For a tempting taste of the terrifying, here are two prime Keeten quotes coupled with my comments before I shift to share reflections on three frightening tales from this Gravelight Press publication.
"What we like about horror is the way fear lights up our brains like a pinball machine on tilt and forces us to feel more alive." Thanks, Jeffrey! What a great image - our brains lighting up the way a pinball machine lights up when we shake the sides and flip the flippers too violently. TILT! And that key word - "horror," along with key phrase "feel more alive." Let me address these keys one at a time:
Here's a famous H.P. Lovecraft quote: “The oldest and strongest emotion of mankind is fear, and the oldest and strongest kind of fear is fear of the unknown.” Of course, fear thrives on our mind projecting into the future, specifically, very bad things, even horrific things happening in the future, things like confronting a ghost or suddenly feeling hairy fingers squeezing our neck.
All of us have pictured ourselves as the victim of such ghoulish, ghastly shocks and a writer of horror stories will work a reader's imagination to the point where we can feel the bony hands around our neck or see the apparition in vivid detail and be chilled from first sentence to last. Ahh, the horror, the horror.
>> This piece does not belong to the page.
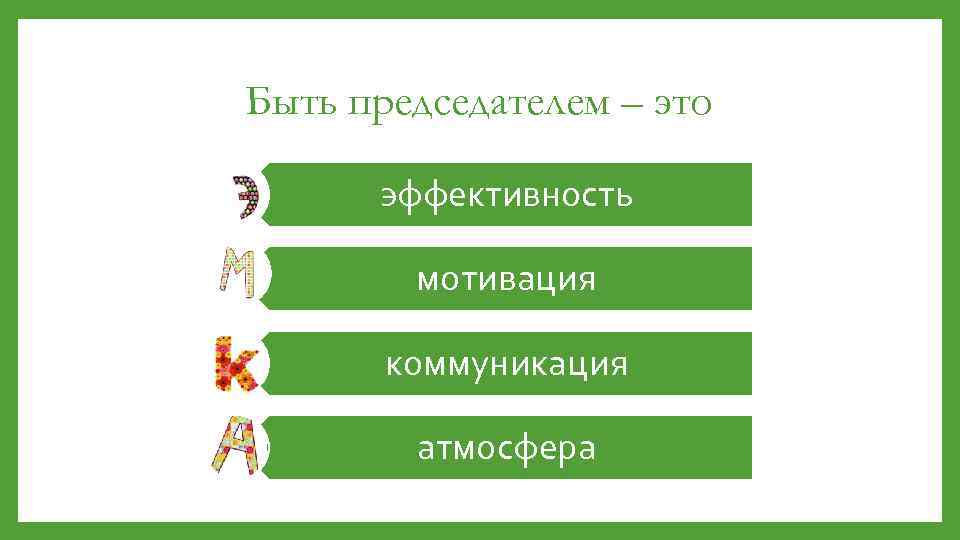 Быть председателем – это эффективность мотивация коммуникация атмосфера 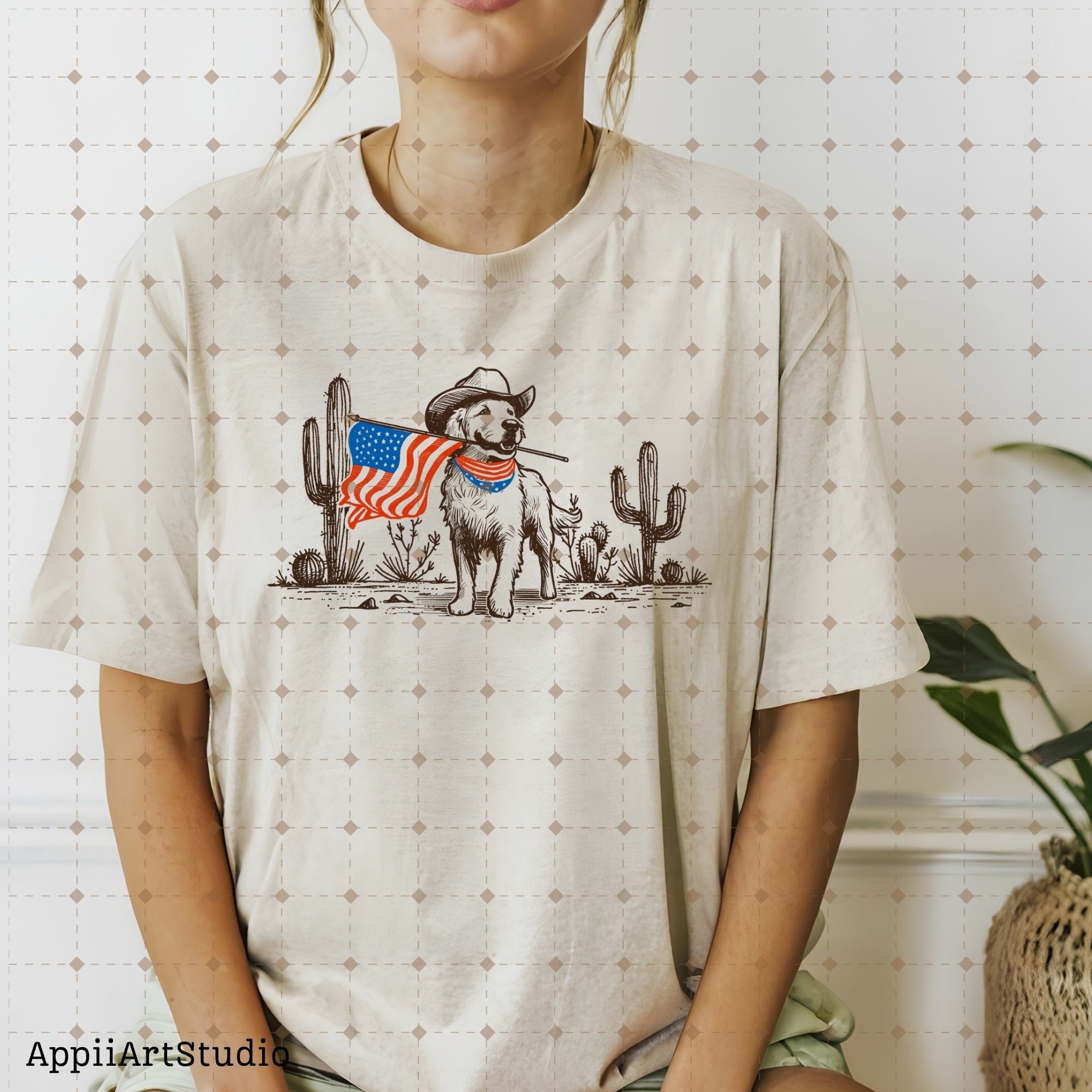 American Pride Pooch - Patriotic PNG for Memorial & Independence Day, Western Sublimations, Cowboy png, Designs Downloads, Shirt Design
One thing's for sure - chokehold or ghost would count as one of our most intense, most memorable experiences, exactly what makes us feel totally alive. As Joseph Campbell tells us: “People say that what we’re all seeking is a meaning for life. I don’t think that’s what we’re really seeking. I think that what we’re seeking is an experience of being alive."
Jeffrey goes on to say: "The terror that reading tales of horror inspires does not stay locked in our minds, carefully controlled like a caged beast, but escapes into the shadowy nooks of our dwellings, to lodge in the creak on the stairs and unsettle us with the tap tap tap on the window glass." Oh, yes, these stories will not only transform you but they will invariably also transform the objects and happenings around you. Now that's sweet storytelling power!
Link to a YouTube video where Jeffrey reads his Introduction: https://www.youtube.com/watch?v=MWyR-FDhxgk&feature=youtu.be&fbclid=IwAR2TJoD1Hu8Dmqq3PxmLOfPsnpUZRXtayrIbA-RDvOoEpDW36FiSeChwO8w
THE DOGGONE GHOST by Bernie Brown
A delicious tale about an obsessive compulsive young salesman, the head salesman, working in men's suits at a large department store. The name of Mr. Perfection is Marvin Truelove.
Hints of both Edgar Allan Poe and H.G. Wells as Marvin comes face to face with...well, you'll have to read for yourself. However, I can share a quote that serves as prelude to the concluding scene:
"For the third time that year, the suit on the meticulously dressed mannequin - a double-breasted Yves Saint Laurent cotton-wool blend adorned with matching shirt and tie - had been replaced with something entirely inappropriate.
A bikini.
It was, in fact, the yellow polka dot variety popularized in that dreadful Brian Hyland song from Marvin's youth."
Oh, Marvin, the wild, frenzied, chaotic energy of Dionysus has a way of extracting revenge on those unfortunates who try to tame life on their own terms.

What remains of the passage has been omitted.